Leible said the efforts will also enhance the habitat for pollinators.
“We will be doing some supplemental planting particular to the pollinators with extra green spaces,” he said. “We have already been doing outreach program on pollinators, particularly the monarch butterflies, for several years now.”
“We hope this will help generate a lot of interest and get a lot of people interested in science,” Finley said. “We’re very proud of it. We feel it’s something important that needed to be done.”
Leible said the quail population has been on the decline nationwide by as much as 65 percent due to land use and farming practices.
While no quail will be relocated to the area, Leible said, “It’s kind of like Field of Dreams… build it and they will come. That’s what we’re hoping for.”
He has been surveying the area for quail and heard one several weeks ago.
“There are some on the land. That’s promising,” he said.
Finley said the Corps will establish small tracks of land to help manage the habitat on a smaller scale.
“There will be multiple small openings, interspersed with timber,” he said. “There will still be stands of hardwood timber.
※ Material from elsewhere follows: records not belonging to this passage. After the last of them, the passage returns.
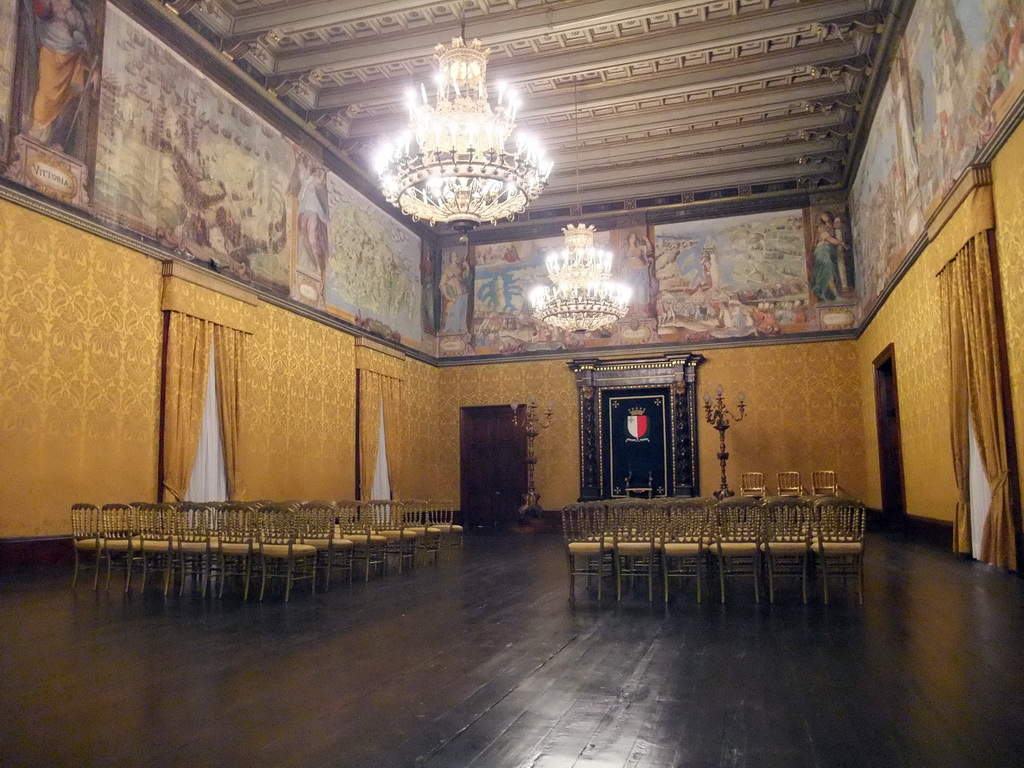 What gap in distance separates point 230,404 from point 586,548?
21.7 ft

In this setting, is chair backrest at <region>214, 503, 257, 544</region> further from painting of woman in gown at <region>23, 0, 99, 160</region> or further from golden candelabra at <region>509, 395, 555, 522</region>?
golden candelabra at <region>509, 395, 555, 522</region>

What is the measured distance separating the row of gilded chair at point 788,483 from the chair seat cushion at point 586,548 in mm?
9540

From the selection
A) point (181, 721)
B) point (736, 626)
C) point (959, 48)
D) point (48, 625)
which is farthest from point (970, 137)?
point (48, 625)

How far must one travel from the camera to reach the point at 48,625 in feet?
17.9

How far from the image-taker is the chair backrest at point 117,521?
755cm

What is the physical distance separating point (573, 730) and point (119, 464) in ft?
25.7

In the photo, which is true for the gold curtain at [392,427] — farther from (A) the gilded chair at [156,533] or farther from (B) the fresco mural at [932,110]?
(B) the fresco mural at [932,110]

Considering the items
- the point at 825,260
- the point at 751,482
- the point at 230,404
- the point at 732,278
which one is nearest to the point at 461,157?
the point at 230,404

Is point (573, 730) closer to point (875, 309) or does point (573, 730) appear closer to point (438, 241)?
point (875, 309)

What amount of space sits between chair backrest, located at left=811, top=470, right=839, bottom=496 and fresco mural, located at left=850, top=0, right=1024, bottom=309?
392 cm

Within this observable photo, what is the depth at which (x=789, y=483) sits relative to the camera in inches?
631

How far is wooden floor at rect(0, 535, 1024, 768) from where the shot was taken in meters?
2.98

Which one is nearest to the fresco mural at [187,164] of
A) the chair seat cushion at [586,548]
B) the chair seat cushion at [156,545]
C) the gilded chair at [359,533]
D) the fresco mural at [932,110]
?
the chair seat cushion at [156,545]

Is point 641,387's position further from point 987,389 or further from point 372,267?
point 987,389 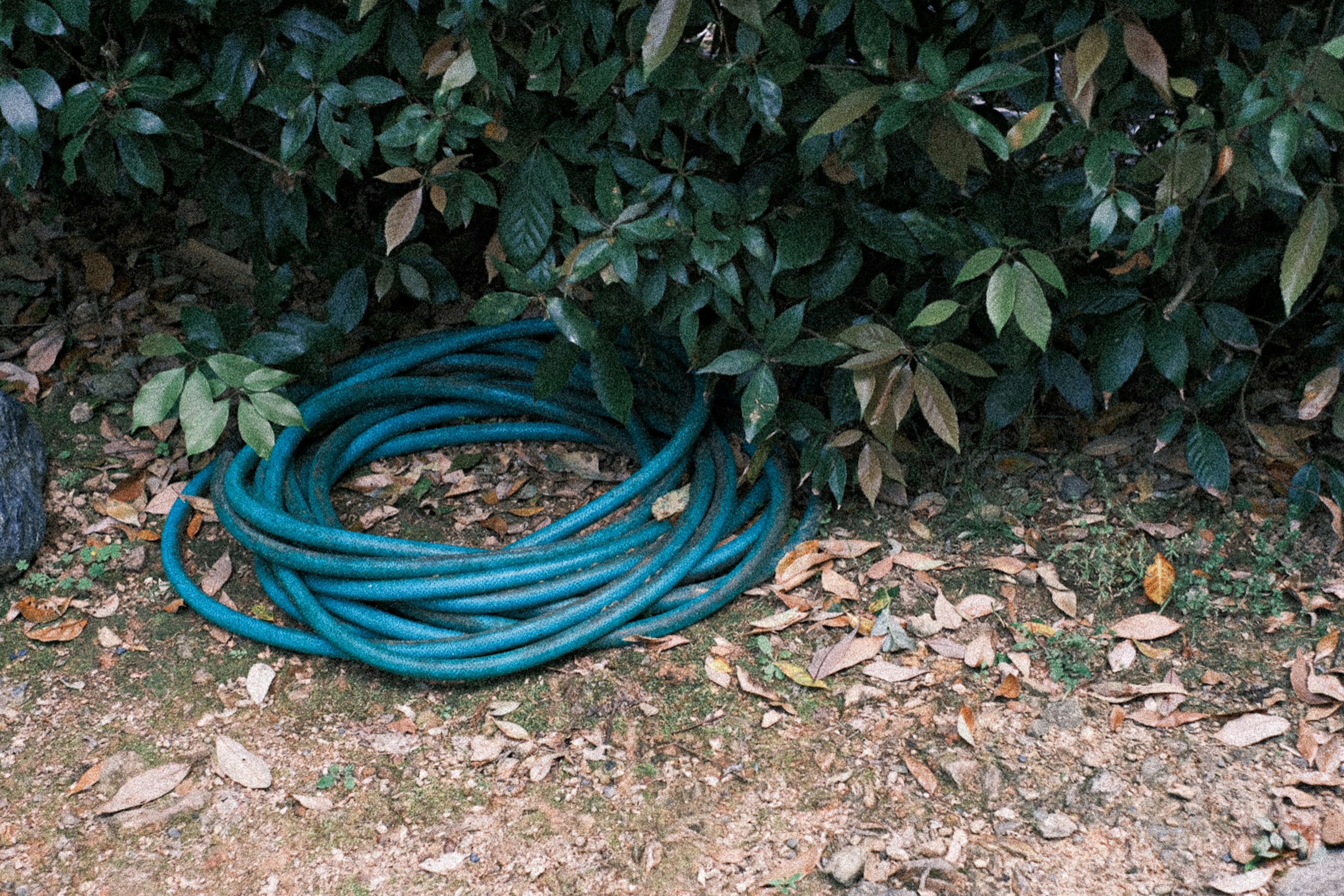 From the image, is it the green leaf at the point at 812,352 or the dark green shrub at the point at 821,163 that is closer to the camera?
the dark green shrub at the point at 821,163

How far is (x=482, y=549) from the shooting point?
2.71 metres

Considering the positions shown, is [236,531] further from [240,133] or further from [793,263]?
[793,263]

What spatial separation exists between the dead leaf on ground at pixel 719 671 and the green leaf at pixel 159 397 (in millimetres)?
1159

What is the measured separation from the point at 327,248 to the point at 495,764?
56.4 inches

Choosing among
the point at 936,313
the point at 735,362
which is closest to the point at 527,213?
the point at 735,362

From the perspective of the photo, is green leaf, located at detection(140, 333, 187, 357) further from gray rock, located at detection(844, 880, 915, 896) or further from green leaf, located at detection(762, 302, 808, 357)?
gray rock, located at detection(844, 880, 915, 896)

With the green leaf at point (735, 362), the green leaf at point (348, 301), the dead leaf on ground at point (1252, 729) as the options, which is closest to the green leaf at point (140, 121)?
the green leaf at point (348, 301)

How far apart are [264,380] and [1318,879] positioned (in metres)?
2.01

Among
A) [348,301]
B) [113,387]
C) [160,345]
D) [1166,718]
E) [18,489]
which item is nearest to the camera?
[1166,718]

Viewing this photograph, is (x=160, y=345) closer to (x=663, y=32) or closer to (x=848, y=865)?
(x=663, y=32)

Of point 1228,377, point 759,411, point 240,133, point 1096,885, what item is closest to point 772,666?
point 759,411

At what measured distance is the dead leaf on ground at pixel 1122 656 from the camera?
2125mm

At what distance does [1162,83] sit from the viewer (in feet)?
5.78

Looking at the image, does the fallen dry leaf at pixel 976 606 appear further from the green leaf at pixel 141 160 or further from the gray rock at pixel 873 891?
the green leaf at pixel 141 160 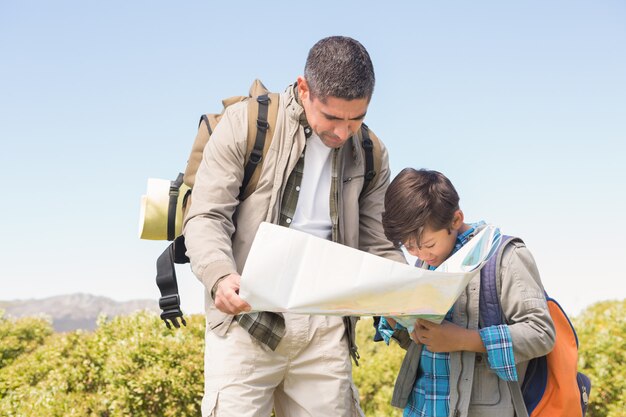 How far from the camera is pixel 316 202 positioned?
2902mm

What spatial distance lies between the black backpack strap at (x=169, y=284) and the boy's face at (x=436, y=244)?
3.26 ft

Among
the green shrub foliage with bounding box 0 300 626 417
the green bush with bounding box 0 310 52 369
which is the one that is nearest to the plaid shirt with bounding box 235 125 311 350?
the green shrub foliage with bounding box 0 300 626 417

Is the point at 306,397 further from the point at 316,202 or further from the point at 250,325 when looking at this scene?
the point at 316,202

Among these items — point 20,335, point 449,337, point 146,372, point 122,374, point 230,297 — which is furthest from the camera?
point 20,335

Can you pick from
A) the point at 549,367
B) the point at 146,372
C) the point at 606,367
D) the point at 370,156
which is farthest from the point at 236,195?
the point at 606,367

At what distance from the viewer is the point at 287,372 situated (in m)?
2.89

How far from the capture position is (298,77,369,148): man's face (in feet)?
8.43

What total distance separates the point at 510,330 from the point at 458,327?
0.18 m

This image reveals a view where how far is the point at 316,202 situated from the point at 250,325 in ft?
1.88

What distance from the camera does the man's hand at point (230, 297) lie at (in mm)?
2291

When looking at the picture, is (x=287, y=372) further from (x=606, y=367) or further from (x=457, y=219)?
(x=606, y=367)

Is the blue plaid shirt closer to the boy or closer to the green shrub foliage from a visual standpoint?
the boy

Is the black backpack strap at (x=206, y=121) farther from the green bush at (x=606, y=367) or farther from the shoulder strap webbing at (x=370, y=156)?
the green bush at (x=606, y=367)

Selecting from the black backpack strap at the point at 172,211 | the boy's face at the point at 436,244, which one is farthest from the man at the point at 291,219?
the boy's face at the point at 436,244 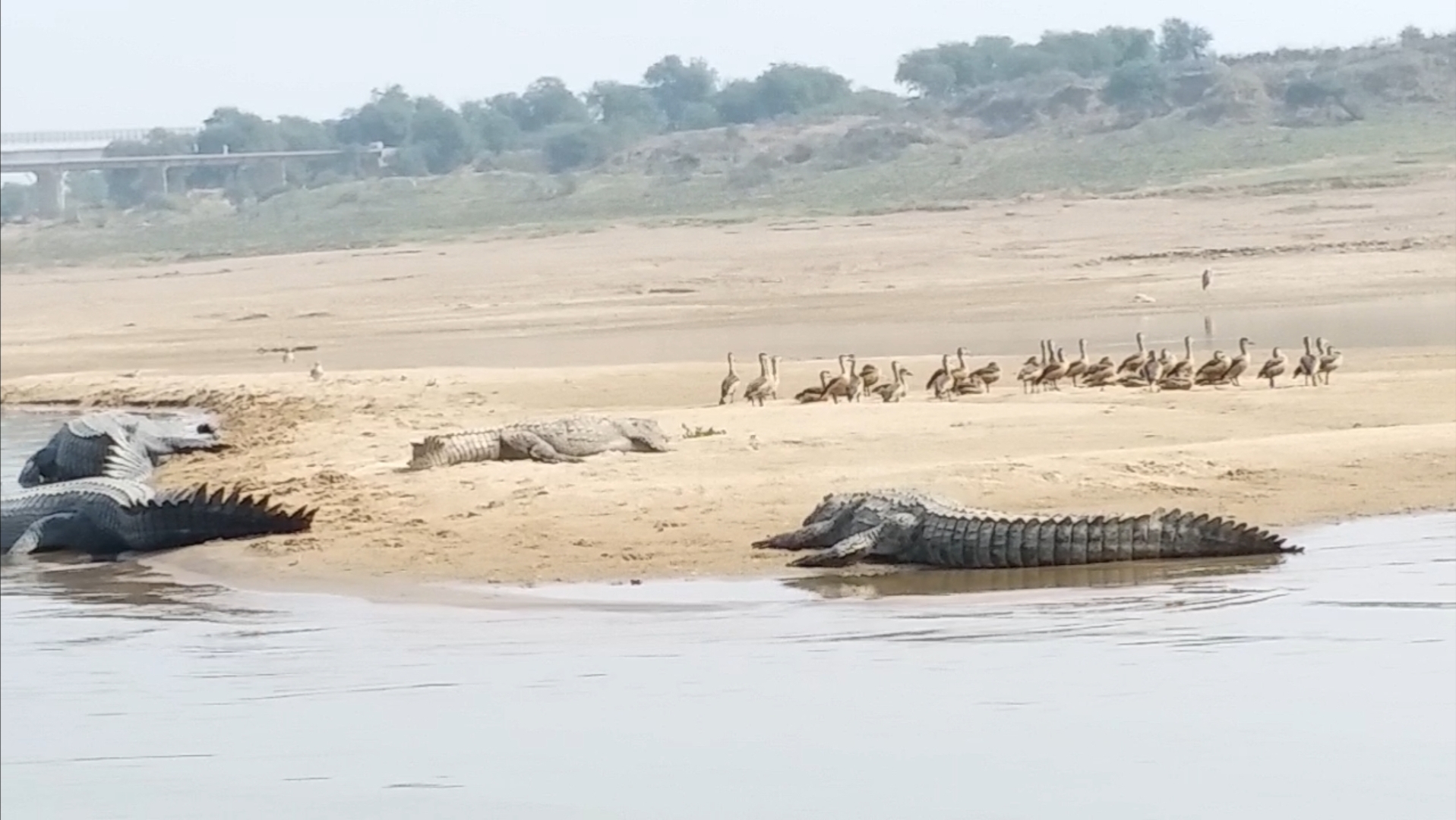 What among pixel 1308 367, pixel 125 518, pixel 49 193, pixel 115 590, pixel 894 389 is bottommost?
pixel 115 590

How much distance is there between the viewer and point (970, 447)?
32.0ft

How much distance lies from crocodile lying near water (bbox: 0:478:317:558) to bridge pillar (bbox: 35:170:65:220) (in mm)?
1394

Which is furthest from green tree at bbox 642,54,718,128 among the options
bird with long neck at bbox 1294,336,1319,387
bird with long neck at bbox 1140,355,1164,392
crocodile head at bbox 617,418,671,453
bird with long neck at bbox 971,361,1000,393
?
bird with long neck at bbox 1294,336,1319,387

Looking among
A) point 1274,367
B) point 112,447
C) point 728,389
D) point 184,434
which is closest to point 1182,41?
point 1274,367

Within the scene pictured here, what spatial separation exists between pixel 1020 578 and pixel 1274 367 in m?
4.64

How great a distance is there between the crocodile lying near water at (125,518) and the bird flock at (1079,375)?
3.43 m

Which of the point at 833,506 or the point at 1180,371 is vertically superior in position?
the point at 1180,371

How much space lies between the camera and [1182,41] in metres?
7.55

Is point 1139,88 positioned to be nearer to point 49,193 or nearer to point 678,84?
point 678,84

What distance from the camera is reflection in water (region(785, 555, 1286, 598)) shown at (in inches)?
274

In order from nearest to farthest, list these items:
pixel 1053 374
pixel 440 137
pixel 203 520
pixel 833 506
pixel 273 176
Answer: pixel 833 506, pixel 203 520, pixel 440 137, pixel 273 176, pixel 1053 374

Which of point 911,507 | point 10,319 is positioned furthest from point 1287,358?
point 10,319

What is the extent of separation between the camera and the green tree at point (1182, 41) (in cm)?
699

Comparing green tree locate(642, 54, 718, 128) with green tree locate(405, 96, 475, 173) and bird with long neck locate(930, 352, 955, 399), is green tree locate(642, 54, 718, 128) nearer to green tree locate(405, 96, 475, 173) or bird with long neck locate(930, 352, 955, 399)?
green tree locate(405, 96, 475, 173)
But it’s not going to look good at first with treetops lying around.”
Asher said timber thinning will occur initially, followed by prescribed burning that will be conducted on a two to three-year rotation.
“This strategy will ensure that one-third to one-half of the field station area will be burned annually,” he said. “Burning and thinning will allow sunlight to reach the woodland floor and stimulate native vegetation utilized by quail and other wildlife for nesting, foraging and escape cover.”
Finley wants the project to be a model for conservation of quail, pollinators and other wildlife.
“The main goal is to manage the land to increase wildlife, with quail being the focus, and keeping them there so students can go out and be pretty much guaranteed to see animals, not just quail,” he said. “And it will be a hands-on program for students taking the wildlife track.”